§ **Work required**: Copy, word for word, the lines of the entries below between the one with "南大电子机器人亮相2019世界人工智能大会" and the one with "슈프림 x 나이키 에어포스 블랙 상품이미지6", inclusive, and leave out everything else.

§ **Materials provided**:
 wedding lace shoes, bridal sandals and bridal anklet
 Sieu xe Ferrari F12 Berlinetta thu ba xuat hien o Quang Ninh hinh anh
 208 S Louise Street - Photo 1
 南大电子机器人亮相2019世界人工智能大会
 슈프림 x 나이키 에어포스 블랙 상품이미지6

--

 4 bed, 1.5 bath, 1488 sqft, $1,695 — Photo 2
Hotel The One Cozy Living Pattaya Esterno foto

§ **Result for this exercise**:
 南大电子机器人亮相2019世界人工智能大会
 슈프림 x 나이키 에어포스 블랙 상품이미지6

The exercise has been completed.